The primary purpose of these benchmarks is to provide a number of measurements that allow you to compare different Squid configurations and features. In order to produce comparable results, I've taken care to minimize any differences between systems being tested.
I used five identical computer systemsone for each of the following operating systems: FreeBSD, Linux, NetBSD, OpenBSD, and Solaris. The boxes are IBM Netfinity servers with one 500-MHz PIII CPU, 1 GB of RAM, an Intel fast-Ethernet NIC, and three 8-GB disk SCSI drives. I realize that these aren't particularly powerful machines by today's standards, but they are good enough for these tests. Anyway, it is more important that they be identical than powerful.
The requirement to use identical hardware means that I can't generate comparable results for other hardware platforms, such as Sun, Digital/Compaq/HP, and others.
Except for the coss tests, all results are from Squid Version 2.5.STABLE2. The coss results are from a patched version of 2.5.STABLE3. Those patches have been committed to the source tree for inclusion into 2.5.STABLE4.
Unless otherwise specified, I used only the enable-storeio option when running ./configure before compiling Squid. For example:
% ./configure --enable-storeio=diskd,ufs,null,coss
In all cases, Squid is configured to use 7500 MB of each 8.2-GB disk. This is a total cache size of 21.5 GB. Additionally, access.log and store.log have been disabled in the configuration file. Here is a sample squid.conf file:
visible_hostname linux-squid.bench.tst acl All src 0/0 http_access allow All cache_dir aufs /cache0 7500 16 256 cache_dir aufs /cache1 7500 16 256 cache_dir aufs /cache2 7500 16 256 cache_effective_user nobody cache_effective_group nobody cache_access_log /dev/null cache_store_log none logfile_rotate 0
All the tests in this appendix use the same Polygraph workload file. Meeting this requirement was, perhaps, the hardest part of running these tests. Normally, the desired throughput is a configuration parameter in a Polygraph workload. However, because the sustainable throughput is different for each configuration, my colleague Alex Rousskov and I developed a workload that can be used for all tests. We call this the "peak finder" workload because it finds the peak throughput for a device under test.

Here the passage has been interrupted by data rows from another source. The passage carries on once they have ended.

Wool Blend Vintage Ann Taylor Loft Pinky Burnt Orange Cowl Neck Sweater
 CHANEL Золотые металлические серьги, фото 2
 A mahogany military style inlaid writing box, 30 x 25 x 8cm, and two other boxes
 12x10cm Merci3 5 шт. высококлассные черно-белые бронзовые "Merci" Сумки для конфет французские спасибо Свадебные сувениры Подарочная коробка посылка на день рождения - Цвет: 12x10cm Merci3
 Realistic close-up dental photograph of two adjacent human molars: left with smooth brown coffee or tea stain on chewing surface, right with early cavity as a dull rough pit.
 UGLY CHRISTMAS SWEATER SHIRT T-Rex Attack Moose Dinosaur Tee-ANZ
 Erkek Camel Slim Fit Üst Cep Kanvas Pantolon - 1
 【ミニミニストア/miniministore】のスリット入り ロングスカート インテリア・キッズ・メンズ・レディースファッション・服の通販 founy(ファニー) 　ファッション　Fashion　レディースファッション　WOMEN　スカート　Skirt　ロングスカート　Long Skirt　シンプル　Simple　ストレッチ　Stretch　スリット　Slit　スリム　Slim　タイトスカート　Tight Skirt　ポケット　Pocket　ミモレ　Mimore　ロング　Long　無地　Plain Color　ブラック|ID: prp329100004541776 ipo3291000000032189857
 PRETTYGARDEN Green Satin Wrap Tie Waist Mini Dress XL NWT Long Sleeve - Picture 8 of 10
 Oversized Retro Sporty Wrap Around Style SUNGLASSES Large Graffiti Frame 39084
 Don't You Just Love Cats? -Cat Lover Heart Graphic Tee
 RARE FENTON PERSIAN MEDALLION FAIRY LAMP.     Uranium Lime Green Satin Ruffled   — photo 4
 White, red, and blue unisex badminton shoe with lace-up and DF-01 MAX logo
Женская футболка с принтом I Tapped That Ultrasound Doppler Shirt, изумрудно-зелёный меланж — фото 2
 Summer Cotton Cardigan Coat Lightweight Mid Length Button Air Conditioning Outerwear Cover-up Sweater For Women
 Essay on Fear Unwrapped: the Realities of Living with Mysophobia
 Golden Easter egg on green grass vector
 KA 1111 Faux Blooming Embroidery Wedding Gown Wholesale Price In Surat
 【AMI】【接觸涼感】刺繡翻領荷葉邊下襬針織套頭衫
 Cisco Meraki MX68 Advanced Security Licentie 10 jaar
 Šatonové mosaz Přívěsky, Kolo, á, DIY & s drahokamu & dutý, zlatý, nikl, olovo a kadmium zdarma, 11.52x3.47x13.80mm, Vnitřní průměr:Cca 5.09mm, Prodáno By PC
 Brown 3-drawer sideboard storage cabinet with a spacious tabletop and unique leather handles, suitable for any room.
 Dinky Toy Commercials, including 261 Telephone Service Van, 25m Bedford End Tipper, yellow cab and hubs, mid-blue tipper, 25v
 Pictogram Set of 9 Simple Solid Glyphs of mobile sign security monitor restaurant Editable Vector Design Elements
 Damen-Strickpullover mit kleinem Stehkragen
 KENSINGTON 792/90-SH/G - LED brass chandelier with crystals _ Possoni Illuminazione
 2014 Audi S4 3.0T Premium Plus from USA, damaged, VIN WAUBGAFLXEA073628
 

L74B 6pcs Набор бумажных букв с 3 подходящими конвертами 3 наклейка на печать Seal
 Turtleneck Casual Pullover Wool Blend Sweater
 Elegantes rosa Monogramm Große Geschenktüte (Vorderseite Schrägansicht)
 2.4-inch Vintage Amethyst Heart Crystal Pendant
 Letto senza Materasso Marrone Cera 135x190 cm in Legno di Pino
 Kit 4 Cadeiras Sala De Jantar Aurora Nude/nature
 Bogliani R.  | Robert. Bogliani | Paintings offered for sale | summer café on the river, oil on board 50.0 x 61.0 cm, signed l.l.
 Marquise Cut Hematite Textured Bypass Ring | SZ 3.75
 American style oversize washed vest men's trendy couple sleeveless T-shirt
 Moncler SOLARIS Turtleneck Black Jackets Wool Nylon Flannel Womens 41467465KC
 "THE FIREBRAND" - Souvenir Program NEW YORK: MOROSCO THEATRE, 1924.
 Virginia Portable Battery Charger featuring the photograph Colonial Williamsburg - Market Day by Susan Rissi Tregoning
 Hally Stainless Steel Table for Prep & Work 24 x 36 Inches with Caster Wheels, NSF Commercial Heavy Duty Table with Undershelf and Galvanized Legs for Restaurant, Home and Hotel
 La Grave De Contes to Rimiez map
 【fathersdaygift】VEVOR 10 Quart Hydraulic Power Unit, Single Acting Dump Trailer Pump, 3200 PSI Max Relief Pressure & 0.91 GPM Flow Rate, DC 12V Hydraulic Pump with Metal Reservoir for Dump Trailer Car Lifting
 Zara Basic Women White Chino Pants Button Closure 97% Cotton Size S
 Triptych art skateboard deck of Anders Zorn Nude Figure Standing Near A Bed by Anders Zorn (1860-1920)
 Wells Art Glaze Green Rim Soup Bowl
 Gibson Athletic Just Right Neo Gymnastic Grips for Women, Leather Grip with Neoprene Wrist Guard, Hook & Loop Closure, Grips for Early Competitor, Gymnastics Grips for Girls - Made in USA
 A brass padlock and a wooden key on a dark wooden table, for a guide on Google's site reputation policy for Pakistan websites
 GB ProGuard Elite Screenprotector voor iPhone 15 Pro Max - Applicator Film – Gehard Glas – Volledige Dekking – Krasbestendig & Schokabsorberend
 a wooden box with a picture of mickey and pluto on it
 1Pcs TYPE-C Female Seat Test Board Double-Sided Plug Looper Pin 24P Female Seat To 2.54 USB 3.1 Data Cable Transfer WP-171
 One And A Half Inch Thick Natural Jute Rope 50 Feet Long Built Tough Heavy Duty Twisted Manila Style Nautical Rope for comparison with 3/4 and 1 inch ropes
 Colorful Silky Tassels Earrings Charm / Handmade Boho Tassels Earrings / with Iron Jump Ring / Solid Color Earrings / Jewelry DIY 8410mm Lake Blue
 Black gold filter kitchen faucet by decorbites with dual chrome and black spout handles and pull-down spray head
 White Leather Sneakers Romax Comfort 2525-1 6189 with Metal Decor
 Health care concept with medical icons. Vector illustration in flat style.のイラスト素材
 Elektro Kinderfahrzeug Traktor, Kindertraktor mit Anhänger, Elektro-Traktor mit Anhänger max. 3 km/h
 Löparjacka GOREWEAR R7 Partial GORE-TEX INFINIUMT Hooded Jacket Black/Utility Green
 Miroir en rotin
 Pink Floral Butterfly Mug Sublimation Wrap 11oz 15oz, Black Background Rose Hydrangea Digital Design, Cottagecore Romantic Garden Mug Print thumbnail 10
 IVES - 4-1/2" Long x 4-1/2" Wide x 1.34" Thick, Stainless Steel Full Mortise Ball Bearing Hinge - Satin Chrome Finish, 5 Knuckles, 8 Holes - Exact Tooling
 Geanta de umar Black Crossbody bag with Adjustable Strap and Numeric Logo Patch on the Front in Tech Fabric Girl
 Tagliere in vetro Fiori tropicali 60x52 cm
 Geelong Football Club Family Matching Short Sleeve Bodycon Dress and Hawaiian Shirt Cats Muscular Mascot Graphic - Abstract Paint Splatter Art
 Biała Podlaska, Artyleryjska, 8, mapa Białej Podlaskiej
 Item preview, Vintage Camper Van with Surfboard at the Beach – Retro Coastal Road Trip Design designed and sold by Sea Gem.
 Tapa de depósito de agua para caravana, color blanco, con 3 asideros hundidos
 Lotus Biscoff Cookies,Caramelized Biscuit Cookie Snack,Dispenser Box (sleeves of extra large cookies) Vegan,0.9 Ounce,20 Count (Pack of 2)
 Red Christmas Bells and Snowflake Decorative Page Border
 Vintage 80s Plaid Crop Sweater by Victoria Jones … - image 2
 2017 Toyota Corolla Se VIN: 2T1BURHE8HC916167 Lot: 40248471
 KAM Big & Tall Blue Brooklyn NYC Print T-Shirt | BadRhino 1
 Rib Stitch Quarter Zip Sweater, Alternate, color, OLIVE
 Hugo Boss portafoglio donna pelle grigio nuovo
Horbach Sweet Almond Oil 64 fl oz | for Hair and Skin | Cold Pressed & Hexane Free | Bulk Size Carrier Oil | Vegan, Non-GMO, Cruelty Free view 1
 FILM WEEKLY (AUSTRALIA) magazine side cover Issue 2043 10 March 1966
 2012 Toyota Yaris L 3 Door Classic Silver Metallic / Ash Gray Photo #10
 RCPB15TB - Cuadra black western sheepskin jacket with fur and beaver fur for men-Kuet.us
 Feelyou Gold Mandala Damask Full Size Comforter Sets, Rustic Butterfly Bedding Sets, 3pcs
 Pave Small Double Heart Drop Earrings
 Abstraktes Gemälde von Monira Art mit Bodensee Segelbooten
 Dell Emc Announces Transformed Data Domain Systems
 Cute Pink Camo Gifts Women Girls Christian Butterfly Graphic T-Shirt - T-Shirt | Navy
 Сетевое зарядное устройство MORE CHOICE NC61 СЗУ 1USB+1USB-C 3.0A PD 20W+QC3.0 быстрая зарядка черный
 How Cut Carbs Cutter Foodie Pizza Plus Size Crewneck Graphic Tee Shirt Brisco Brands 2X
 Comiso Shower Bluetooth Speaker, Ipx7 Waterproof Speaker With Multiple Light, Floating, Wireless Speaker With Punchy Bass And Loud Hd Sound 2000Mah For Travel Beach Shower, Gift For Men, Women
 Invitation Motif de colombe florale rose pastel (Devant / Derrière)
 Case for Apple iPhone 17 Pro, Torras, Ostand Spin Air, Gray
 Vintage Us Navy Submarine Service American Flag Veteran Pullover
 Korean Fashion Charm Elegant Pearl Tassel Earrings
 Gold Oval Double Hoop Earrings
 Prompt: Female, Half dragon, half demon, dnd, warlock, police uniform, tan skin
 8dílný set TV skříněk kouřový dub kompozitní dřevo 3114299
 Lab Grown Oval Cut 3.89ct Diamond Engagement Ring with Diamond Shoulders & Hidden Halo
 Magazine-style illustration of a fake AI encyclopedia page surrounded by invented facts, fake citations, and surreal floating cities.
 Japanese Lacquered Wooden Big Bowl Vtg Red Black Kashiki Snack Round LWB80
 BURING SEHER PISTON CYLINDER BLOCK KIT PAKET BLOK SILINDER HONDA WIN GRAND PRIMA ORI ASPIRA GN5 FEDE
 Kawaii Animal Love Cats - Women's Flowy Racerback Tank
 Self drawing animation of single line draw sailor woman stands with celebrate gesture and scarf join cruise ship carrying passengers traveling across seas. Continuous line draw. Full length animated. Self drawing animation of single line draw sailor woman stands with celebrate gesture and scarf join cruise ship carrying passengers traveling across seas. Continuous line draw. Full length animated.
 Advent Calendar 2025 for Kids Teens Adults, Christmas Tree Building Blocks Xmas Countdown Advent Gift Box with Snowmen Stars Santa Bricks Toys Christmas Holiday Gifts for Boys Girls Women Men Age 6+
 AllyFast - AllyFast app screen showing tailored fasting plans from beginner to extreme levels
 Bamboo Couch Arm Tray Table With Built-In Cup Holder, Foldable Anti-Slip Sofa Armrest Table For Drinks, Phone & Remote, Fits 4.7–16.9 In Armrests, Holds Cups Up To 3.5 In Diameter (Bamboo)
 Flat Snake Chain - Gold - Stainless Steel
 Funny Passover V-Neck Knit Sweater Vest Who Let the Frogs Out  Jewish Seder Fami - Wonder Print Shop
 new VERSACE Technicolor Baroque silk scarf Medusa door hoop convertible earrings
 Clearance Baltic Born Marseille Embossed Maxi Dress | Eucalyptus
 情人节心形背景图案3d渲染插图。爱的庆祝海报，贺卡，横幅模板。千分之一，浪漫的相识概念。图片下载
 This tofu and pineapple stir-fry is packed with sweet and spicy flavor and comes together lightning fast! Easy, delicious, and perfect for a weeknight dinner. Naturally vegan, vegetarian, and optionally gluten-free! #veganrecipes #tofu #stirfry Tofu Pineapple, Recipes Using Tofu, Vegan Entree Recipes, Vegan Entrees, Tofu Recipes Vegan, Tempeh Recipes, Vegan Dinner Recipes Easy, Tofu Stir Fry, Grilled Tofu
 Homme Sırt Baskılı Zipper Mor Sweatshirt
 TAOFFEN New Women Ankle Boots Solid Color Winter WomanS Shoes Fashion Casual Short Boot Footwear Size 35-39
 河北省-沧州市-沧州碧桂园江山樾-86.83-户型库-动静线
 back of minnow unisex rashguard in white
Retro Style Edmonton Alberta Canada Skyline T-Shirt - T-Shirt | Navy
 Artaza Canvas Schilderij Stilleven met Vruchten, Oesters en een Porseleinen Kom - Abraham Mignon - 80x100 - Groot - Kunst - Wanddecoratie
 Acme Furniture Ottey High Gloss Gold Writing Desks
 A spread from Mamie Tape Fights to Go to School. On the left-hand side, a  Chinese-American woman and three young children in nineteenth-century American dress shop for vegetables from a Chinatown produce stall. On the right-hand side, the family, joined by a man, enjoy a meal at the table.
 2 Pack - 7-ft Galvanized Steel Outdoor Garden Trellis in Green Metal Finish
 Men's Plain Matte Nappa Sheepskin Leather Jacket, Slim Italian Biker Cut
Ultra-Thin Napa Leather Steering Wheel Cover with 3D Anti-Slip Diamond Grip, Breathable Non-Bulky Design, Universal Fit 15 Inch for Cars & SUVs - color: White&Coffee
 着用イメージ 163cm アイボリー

 Except for the number-of-spindles tests, in which the cache size depends on the number of disks in use.
 You can download this workload at http://squidbook.org/extras/pf2-pm4.pg.txt.
The name "peak finder" is somewhat misleading because, at least in Squid's case, sustainable throughput decreases over time. The workload is designed to periodically adjust the offered load (throughput) subject to response time requirements. If the measured response time is below a given threshold, Polygraph increases the load. If response time is above the threshold, it decreases the load. Thus, at any point in time during the test, we know the maximum throughput that still satisfies the response time requirements.
In order to reach a steady-state condition, the test runs until the cache has been filled twice. Polygraph knows the total cache size (21.5 GB) and keeps track of the amount of fill traffic pulled into the cache. These are responses that are cachable but not cache hits. The test duration, then, depends on the sustainable throughput. When the throughput is low, the test takes longer to complete. Some of these tests took more than 10 days to run.